As is increasingly widely recognized, the costs that farmers and downstream value chain actors incur and the prices consumers pay understate foods’ true costs to society once one accounts for adverse environmental, health, and social spillover effects.
Inevitable demographic, economic, and climate change in the coming decades will catastrophically aggravate these problems under business-as-usual scenarios. Innovations will be needed to facilitate concerted, coordinated efforts to transition to more healthy, equitable, resilient, and sustainable agri-food systems.
The panel consisted of experts who come from many different continents and who span a wide range of disciplines and organizations—from industry and universities to social movements, governments, philanthropies, institutional and venture capital investors, and multilateral agencies.
The panel synthesized the best current science to describe the present state of the world’s agri-food systems and key external drivers of its changes over the next 25–50 years, as well as tease out key lessons from the COVID-19 pandemic experience this year.
Chris Barrett, the Stephen B. and Janice G. Ashley Professor in Cornell’s Dyson School of Applied Economics and Management, who leads the project, said:
“By any measure, our world’s food systems are phenomenally productive, responsive and adaptable, as we can now feed almost 5 billion in a healthy way,”
“But that means nearly 3 billion cannot afford a healthy diet.

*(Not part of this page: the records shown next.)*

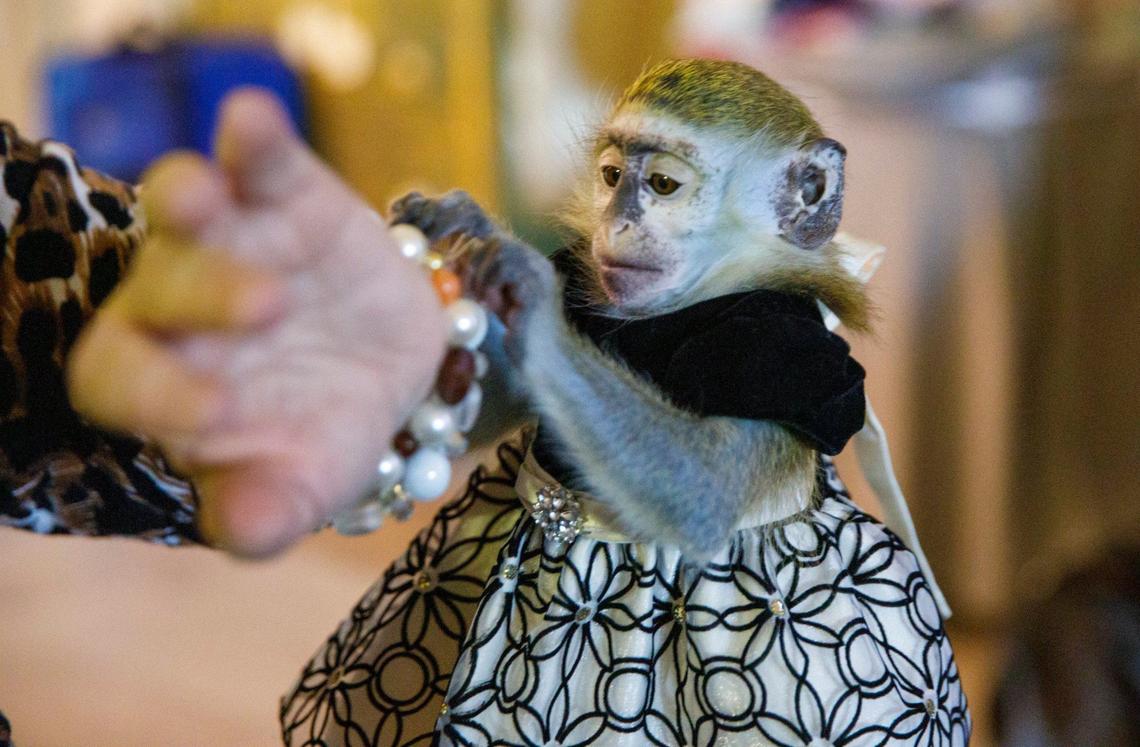 Brenna, a vervet monkey, plays with the beads on Donna Greenough Cantalupo’s bracelet. She and husband Guy Cantalupo hosted a monkey play date at their home in Longs, S.C. on Wednesday. The Cantalupos own Brenna, a vervet and Sisco, a marmoset. Oct. 9, 2024.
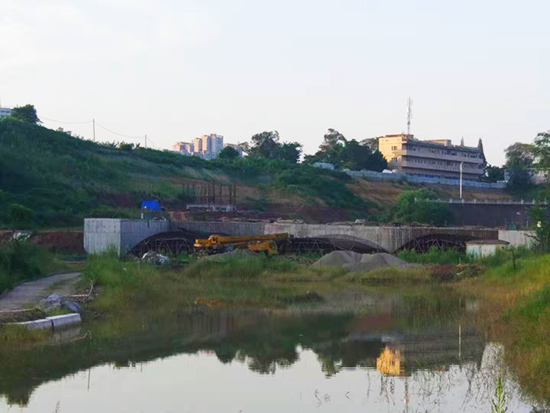 清泉坝最新消息,清泉坝最新消息——友情与陪伴的温馨日常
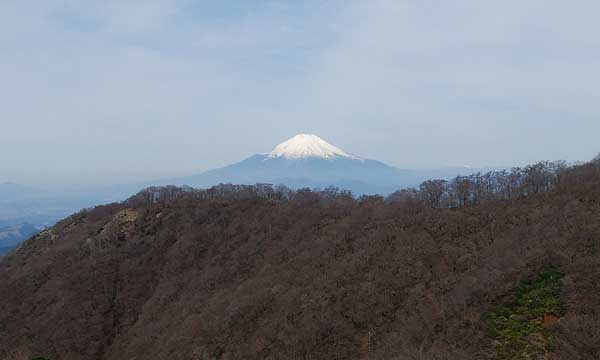 道中から見た富士山。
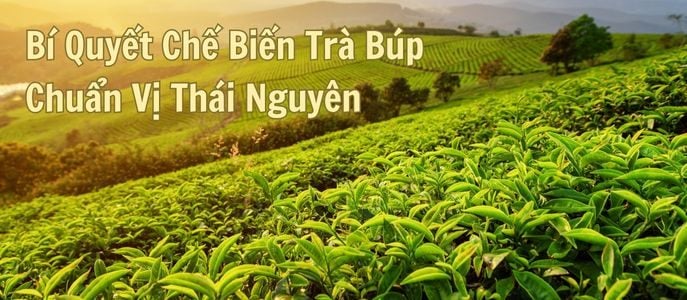 Bí Quyết Chế Biến Trà Búp Chuẩn Vị Thái Nguyên: Quy Trình 8 Bước Từ Các Nghệ Nhân Trà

And with inevitable population growth, income growth and the climate change that’s already baked into the food system, our current agricultural gains and methods are not sustainable,” said Barrett.
“Globally, we can’t continue on this path without destroying the planet and imperilling billions of people.”
Philip Thornton, Flagship Programme Leader at the CGIAR Research Program on Climate Change, Agriculture and Food Security (CCAFS), was one of the global group of researchers who contributed to the report, focusing on sustainable animal and plant production systems and the impact of COVID-19. He said:
“This report shows unequivocally that we have no hope of addressing climate change without radically changing the way animals and plants are produced to feed a rapidly growing global population.”
“The gains we’ve made over the last decades in eking out more food production with less inputs are diminishing. Our agricultural sectors – and the global food systems they support – are now far too dependent on manufactured and mined fertilizers that are used far less efficiently than they should.”
“The result is environmental degradation, severe risks to our health and negative social and economic impacts on the 1.3 billion people working in the often-perilous agricultural sector.”
“Genetic studies and innovative technology will help – but they are not magic bullets. Nature has an incredible intrinsic ability to renew itself, to recycle the materials it needs to thrive. We’re just not tapping into that to solve the climate and nutrition problems we face.”
“We need all of us – consumers, governments, the private sector, investors and even smallholder farmers in remote villages – to embrace a much more diverse approach to food production and consumption, tailoring policy and business practices for unique landscapes.”
“In this sense, the changes we need in food and farming policy are similar to the compelling ideas emerging from the circular economy movement. That means producers, distributors and consumers must be engaged, informed and willing to support the needed transitions with investment and necessary behavioural changes.”
“The UK hosts the COP26 climate summit next year to broker new international commitments on tackling climate change. Around the same time, the UN will host a major summit on Food Systems. The coming year is a perfect opportunity for the UK to build on its new sustainable farming strategy, by putting more sustainable food systems on the global agenda.”
The report, “Socio-Technical Innovation Bundles for Agri-Food Systems” was funded by the Cornell Atkinson Center for Sustainability and was published Dec. 10 on the Nature Sustainability website, in collaboration with its sibling journal, Nature Food.